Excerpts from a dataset
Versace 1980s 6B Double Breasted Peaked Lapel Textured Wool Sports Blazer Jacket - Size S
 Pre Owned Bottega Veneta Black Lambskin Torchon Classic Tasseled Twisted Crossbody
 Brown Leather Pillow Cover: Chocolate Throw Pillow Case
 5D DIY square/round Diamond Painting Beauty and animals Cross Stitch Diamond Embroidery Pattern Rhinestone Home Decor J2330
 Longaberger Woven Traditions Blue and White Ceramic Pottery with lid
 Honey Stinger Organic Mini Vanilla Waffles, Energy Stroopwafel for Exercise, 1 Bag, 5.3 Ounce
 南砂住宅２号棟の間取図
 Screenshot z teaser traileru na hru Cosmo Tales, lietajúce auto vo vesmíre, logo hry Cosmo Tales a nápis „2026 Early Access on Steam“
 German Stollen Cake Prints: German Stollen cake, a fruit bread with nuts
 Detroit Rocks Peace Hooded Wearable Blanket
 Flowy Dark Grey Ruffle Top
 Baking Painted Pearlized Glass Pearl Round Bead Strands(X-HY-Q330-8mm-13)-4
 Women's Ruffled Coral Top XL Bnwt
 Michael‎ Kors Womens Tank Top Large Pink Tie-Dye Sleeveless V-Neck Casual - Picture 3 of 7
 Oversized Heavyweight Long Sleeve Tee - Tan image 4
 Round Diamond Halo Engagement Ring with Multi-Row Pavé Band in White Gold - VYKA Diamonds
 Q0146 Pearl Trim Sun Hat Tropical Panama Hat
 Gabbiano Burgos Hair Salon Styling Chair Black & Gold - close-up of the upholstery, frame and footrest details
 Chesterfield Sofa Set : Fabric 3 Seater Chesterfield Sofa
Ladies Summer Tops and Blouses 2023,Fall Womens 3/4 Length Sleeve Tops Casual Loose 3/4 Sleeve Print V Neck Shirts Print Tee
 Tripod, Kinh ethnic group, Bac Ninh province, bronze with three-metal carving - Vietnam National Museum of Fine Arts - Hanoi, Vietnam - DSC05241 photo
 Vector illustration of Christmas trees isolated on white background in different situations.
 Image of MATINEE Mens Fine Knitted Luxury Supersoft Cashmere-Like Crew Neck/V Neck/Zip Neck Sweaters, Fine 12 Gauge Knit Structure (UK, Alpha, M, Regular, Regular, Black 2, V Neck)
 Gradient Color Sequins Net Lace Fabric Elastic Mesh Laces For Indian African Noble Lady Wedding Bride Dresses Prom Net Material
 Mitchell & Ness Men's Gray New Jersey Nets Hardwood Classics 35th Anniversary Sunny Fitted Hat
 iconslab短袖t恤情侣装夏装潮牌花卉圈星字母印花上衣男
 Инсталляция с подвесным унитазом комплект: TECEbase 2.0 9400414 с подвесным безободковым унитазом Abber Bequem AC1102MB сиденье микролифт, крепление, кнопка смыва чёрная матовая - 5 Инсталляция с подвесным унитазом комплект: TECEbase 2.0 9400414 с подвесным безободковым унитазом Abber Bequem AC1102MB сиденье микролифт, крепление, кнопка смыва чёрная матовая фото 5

Directions for this task — Output all entries again exactly; no line may be altered.

Response to this exercise —
Versace 1980s 6B Double Breasted Peaked Lapel Textured Wool Sports Blazer Jacket - Size S
 Pre Owned Bottega Veneta Black Lambskin Torchon Classic Tasseled Twisted Crossbody
 Brown Leather Pillow Cover: Chocolate Throw Pillow Case
 5D DIY square/round Diamond Painting Beauty and animals Cross Stitch Diamond Embroidery Pattern Rhinestone Home Decor J2330
 Longaberger Woven Traditions Blue and White Ceramic Pottery with lid
 Honey Stinger Organic Mini Vanilla Waffles, Energy Stroopwafel for Exercise, 1 Bag, 5.3 Ounce
 南砂住宅２号棟の間取図
 Screenshot z teaser traileru na hru Cosmo Tales, lietajúce auto vo vesmíre, logo hry Cosmo Tales a nápis „2026 Early Access on Steam“
 German Stollen Cake Prints: German Stollen cake, a fruit bread with nuts
 Detroit Rocks Peace Hooded Wearable Blanket
 Flowy Dark Grey Ruffle Top
 Baking Painted Pearlized Glass Pearl Round Bead Strands(X-HY-Q330-8mm-13)-4
 Women's Ruffled Coral Top XL Bnwt
 Michael‎ Kors Womens Tank Top Large Pink Tie-Dye Sleeveless V-Neck Casual - Picture 3 of 7
 Oversized Heavyweight Long Sleeve Tee - Tan image 4
 Round Diamond Halo Engagement Ring with Multi-Row Pavé Band in White Gold - VYKA Diamonds
 Q0146 Pearl Trim Sun Hat Tropical Panama Hat
 Gabbiano Burgos Hair Salon Styling Chair Black & Gold - close-up of the upholstery, frame and footrest details
 Chesterfield Sofa Set : Fabric 3 Seater Chesterfield Sofa
Ladies Summer Tops and Blouses 2023,Fall Womens 3/4 Length Sleeve Tops Casual Loose 3/4 Sleeve Print V Neck Shirts Print Tee
 Tripod, Kinh ethnic group, Bac Ninh province, bronze with three-metal carving - Vietnam National Museum of Fine Arts - Hanoi, Vietnam - DSC05241 photo
 Vector illustration of Christmas trees isolated on white background in different situations.
 Image of MATINEE Mens Fine Knitted Luxury Supersoft Cashmere-Like Crew Neck/V Neck/Zip Neck Sweaters, Fine 12 Gauge Knit Structure (UK, Alpha, M, Regular, Regular, Black 2, V Neck)
 Gradient Color Sequins Net Lace Fabric Elastic Mesh Laces For Indian African Noble Lady Wedding Bride Dresses Prom Net Material
 Mitchell & Ness Men's Gray New Jersey Nets Hardwood Classics 35th Anniversary Sunny Fitted Hat
 iconslab短袖t恤情侣装夏装潮牌花卉圈星字母印花上衣男
 Инсталляция с подвесным унитазом комплект: TECEbase 2.0 9400414 с подвесным безободковым унитазом Abber Bequem AC1102MB сиденье микролифт, крепление, кнопка смыва чёрная матовая - 5 Инсталляция с подвесным унитазом комплект: TECEbase 2.0 9400414 с подвесным безободковым унитазом Abber Bequem AC1102MB сиденье микролифт, крепление, кнопка смыва чёрная матовая фото 5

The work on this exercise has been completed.